**Short descriptive text snippets:**
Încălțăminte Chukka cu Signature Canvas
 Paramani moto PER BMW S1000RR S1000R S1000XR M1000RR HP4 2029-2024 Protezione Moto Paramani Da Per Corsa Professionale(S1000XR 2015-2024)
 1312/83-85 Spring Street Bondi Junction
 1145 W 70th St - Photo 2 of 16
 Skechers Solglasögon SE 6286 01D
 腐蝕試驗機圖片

**YOUR ASSIGNMENT:** Your task is to restate, word for word, the line with "Paramani moto PER" and all lines after it, ending with the last line of the data.

**TASK ANSWER:**
 Paramani moto PER BMW S1000RR S1000R S1000XR M1000RR HP4 2029-2024 Protezione Moto Paramani Da Per Corsa Professionale(S1000XR 2015-2024)
 1312/83-85 Spring Street Bondi Junction
 1145 W 70th St - Photo 2 of 16
 Skechers Solglasögon SE 6286 01D
 腐蝕試驗機圖片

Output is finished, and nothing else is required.